While exploring and foraging amongst the forested back roads for an interesting place to camp, my old friend KP reversed the truck over something which slashed a two inch gash into the side wall of one of our rear tyres. I have now exchanged multiple flat tyres on three different continents and have learnt one thing – when it is not your car, it is never a five minute job. It became interesting when the lever for the carjack bent, almost splitting into two pieces and we couldn’t raise the truck high enough to attach the spare wheel. Grateful for a local chap to drive by, who I flagged down by flashing my pasty legs at, I think I was thankful that he was blinded, rather than interested.

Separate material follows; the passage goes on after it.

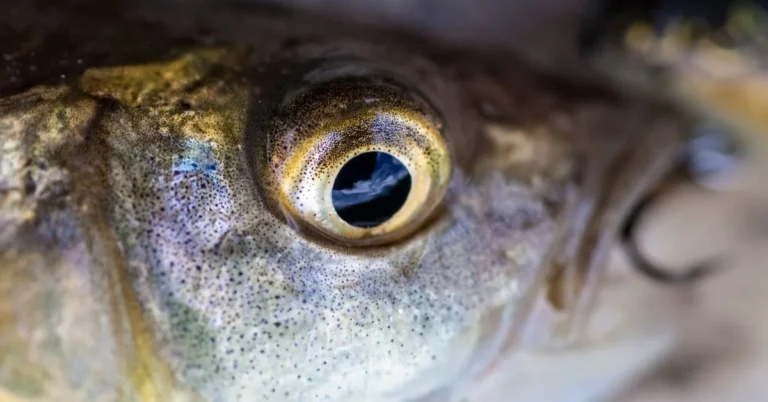 Fish Eyes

Either way, he stopped to at my signalling.
With his barely understandable thick American drawl, the maybe not-so- local chap got down on his hands and knees and helped jack up the truck with his more industrial-looking equipment.
Some sweaty moments later, after a mucky handshake and a grumbled exchange of gratitude, we were on our way in the knowledge that an extra day in the woods would be required, in order to locate and replace the broken rubber.
A few miles north of the beautiful Custer National Park, the camp spot was quiet, the birds seemed absent and probably because it was too cold for mosquitoes and other bugs to be hatching out. There were deer and rabbits socialising around camp in the sunshine that speared through the pine canopy, I saw numerous long tailed weasels, turkey and what I assume were yellow bellied marmots shuffling their disco dance moves around the craggy rock formations. I didn’t manage to take a photo, but they were reddish brown in colour, about the length of a badger, too squat to be a fox and were constantly running around the large granite and quartz boulders on the outskirts of the forest. I only hesitate to say they were yellow bellies, because I thought they lived at much higher, colder altitudes. If they were weasels, they were bigger than your domestic cat!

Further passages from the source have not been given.